Here’s a thought experiment to test if your organization is ready for the future of localization. When you think about your customer and employee experience (CX and EX), do you think about what it’s like in each of their languages? Or do you unconsciously assume a monolingual experience? If we’re honest, many of us, especially in the US, don’t consider CX/EX in other languages as equally important. I can’t count the number of times I’ve heard marketing leaders describe localization as a “necessary evil.”

That perception is dangerously outdated. Leaders who cling to it are opening the door to competition from providers that treat localization as an investment in growth.

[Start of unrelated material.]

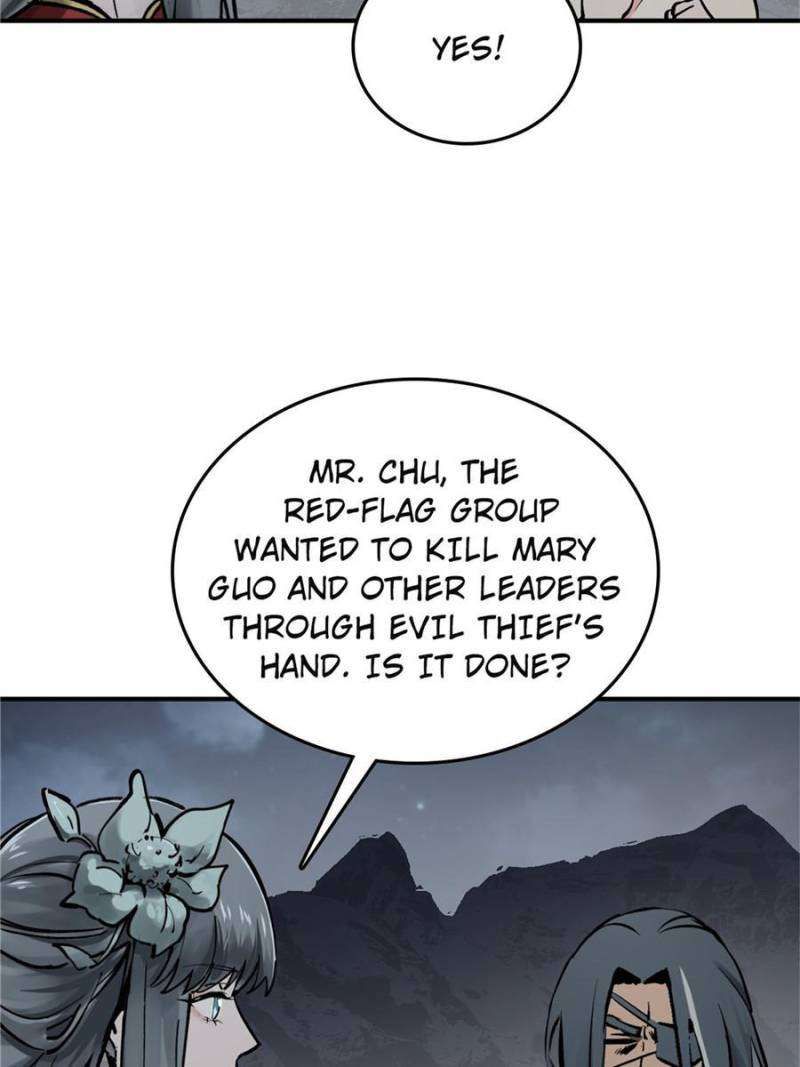 Another beginning with the Guhuo bird chapter 236 page 66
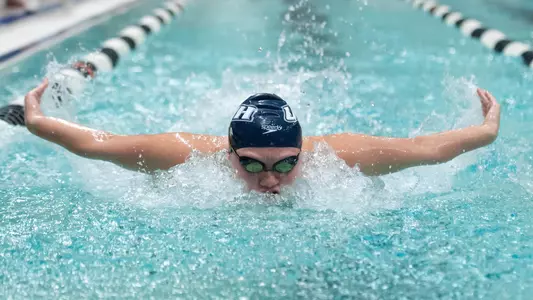 Grace Sala 10.29.21 vs UCCSU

To benchmark localization in B2B, Forrester conducted a public survey and also interviewed 20 localization service providers (LSPs), LSP customers, and vendors with customers who perform localization in their platforms (e.g., content management systems). Five lessons emerged:

  • Great customer experience requires localization. Localization means making experiences appropriate for a locale: language, plus elements such as currency, culture, and information. It’s core to becoming a trusted brand, and B2B orgs are notably out of sync with audience perceptions on this. The most dramatic result from Forrester’s Q4 2021 Future Of Localization Survey was this: Employees who use a different language than that used at headquarters rated localization as much more important for customer centricity, market access, and competitive advantage, by an average of 21 percentage points. This is a huge blind spot.
  • Customer expectations will disrupt B2B localization. Now that we’re all online all the time, have you noticed how easy it is to get fast, free translations? That affects us in B2B, whether we want it to or not. Among B2B buyers in our survey, 75% said it was important or very important to have sales materials in their language, and 67% wanted a localized website. If we don’t provide localized content, then buyers will use those free tools — and those tools know nothing about our brand voice or quality standards.
  • Organizations that treat localization as a tactical afterthought will fall behind. Those of us who still have decentralized localization without a modern, integrated tech stack and skilled leadership need to get with the program. That traditional model is insanely expensive and slow. It cannot scale, and it cannot be agile in any sense of the word. In our survey, only 38% of respondents reported that their HQ and regional offices are aligned on localization strategy, ownership, and execution.
  • Localization will become technology-driven, connected, and ubiquitous. Localization technology has exploded. Over 700 tools are available for translation workflow management, software and audio-visual localization, machine translation, speech recognition, interpretation, quality management, integrations, and platforms. Organizations that invest in future fit localization — people, process, technology — report enormous ROI: massively expanded capacity and speed, simplified workflows, and higher customer engagement and market penetration.
  • Future-ready localization strategy is pragmatic and outcome-driven. Highly successful localization leaders interviewed for this study share several characteristics. First, they incorporate localization into planning and production, recognizing that the same investments that improve localized content and software also improve overall efficiency, scalability, and effectiveness. Second, they assess localization quality in terms of whether it drives desired behaviors — higher registrations, lower support costs, higher conversions — instead of on subjective quality judgments. Third, they break silos and treat localization as an enterprise-level function.